Idempotence and the Discipline of DevOps
If you’ve spent a bit of time coding, you will come across the interesting and unusual idea of idempotence. The word not lending itself well to either spelling or pronunciation, many like me become immediately curious.
A concept found deep at the heart of mathematics and computer science, idempotence is a highly valued attribute of operations that relates to efficiency and effectiveness.
An idempotent operation sends a message to a receiver that can be performed again and again without negatively impacting the receiving system. Put more simply, an operation is idempotent if you can repeat it over and over again without causing any unwanted side effects or harm to a system.
A non-idempotent operation, however, will put strain on a system with each repeated occurrence. It will require additional cycles and energy to cope with the work it creates. Taking an absurd example, repeatedly asking a waiter in a restaurant for the status of your order forces them to stop what they are doing and tell you that status. Doing this continuously will delay your order indefinitely. Here, the system suffers at the expense of the operation.
How could such a uniquely important property of operations have escaped me for so long? And how does this rather obscure concept relate to my life and my work?
The Game
The answers to these questions came to me during a recent workshop. Thirty technology professionals from organizations across my city spent an afternoon participating in a business simulation.

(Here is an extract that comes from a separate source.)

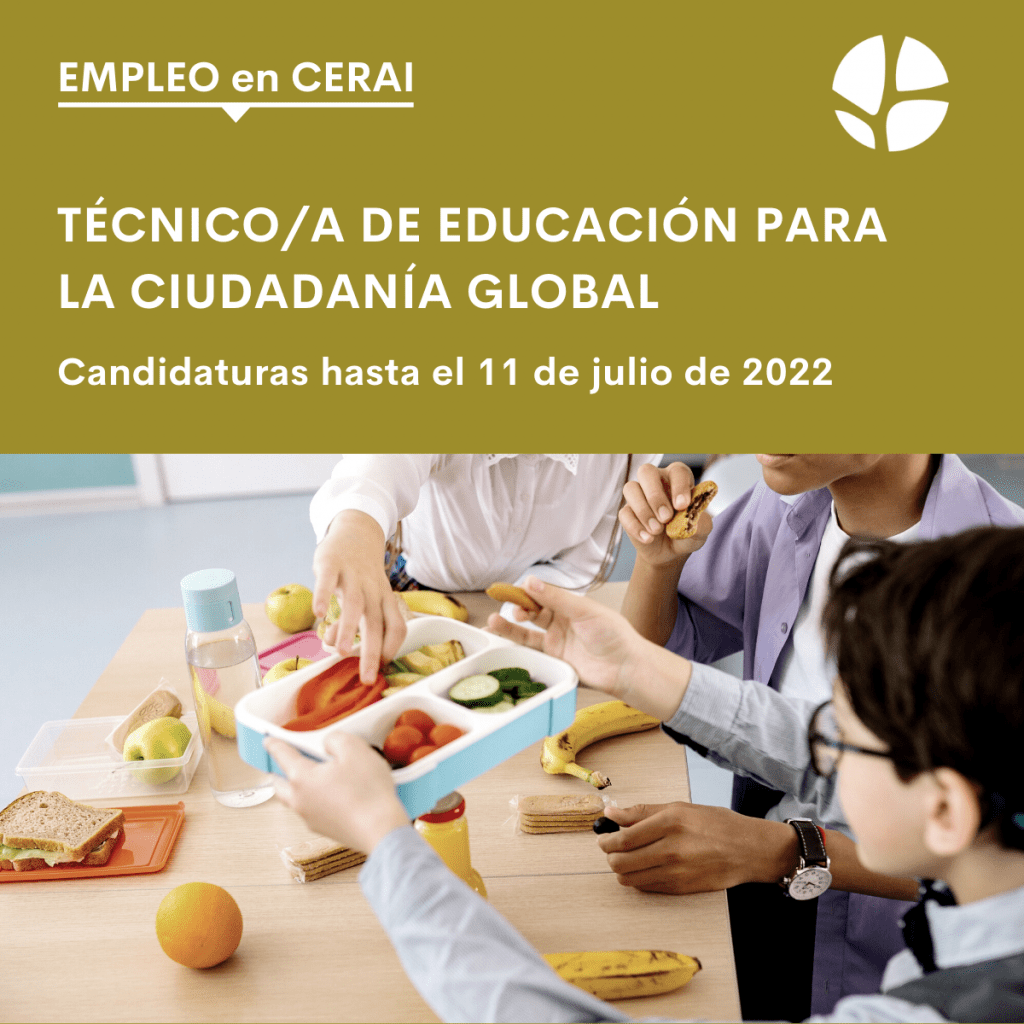Oferta de empleo técnico/a educación para la ciudadanía global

We started the day by organizing into business units — Strategic Management, Business Management, Service Desk, Service Desk Management, IT Dept, and so on. In a simulation running on a screen projected overhead, problems occurred. To resolve the problem, each business unit had an action to perform.
The business managers needed to determine what when wrong; then the Service Desk used that to figure out what systems were affected. The Service Desk managers decided how to fix those systems, and finally the IT Dept. needed to fix the problem, simulated by solving a puzzle in a Mensa book.
The IT Dept. then presented the fix to the game proctor, who either resolved the problem or penalized us if it was incorrect. The longer the problem was outstanding, the more money the business lost.
There were many opportunities for things to go wrong. At first, timing was terrible, the wrong systems were getting fixed, the wrong problems were getting worked on, the proctor was getting incorrect answers to the wrong puzzles — it was pure chaos. So after the initial 30-minute simulation, the group sat down to discuss what went wrong, what changes we can make, and how we can implement those changes effectively.
Over the course of three iterations, tightening things up each time, we implemented management systems and processes to control the chaos. Quickly we found ourselves at the helm of a simulated business that was actually earning money. Meanwhile, back in reality, we were learning tangible lessons by being forced to improvise on our ideas for operational improvements.
Improving operations
The main issues we experienced involved the pain of not knowing what other teams were doing without interrupting them, and the overhead involved in handing off work to other teams. The work itself was easy but moving the work between teams was very difficult.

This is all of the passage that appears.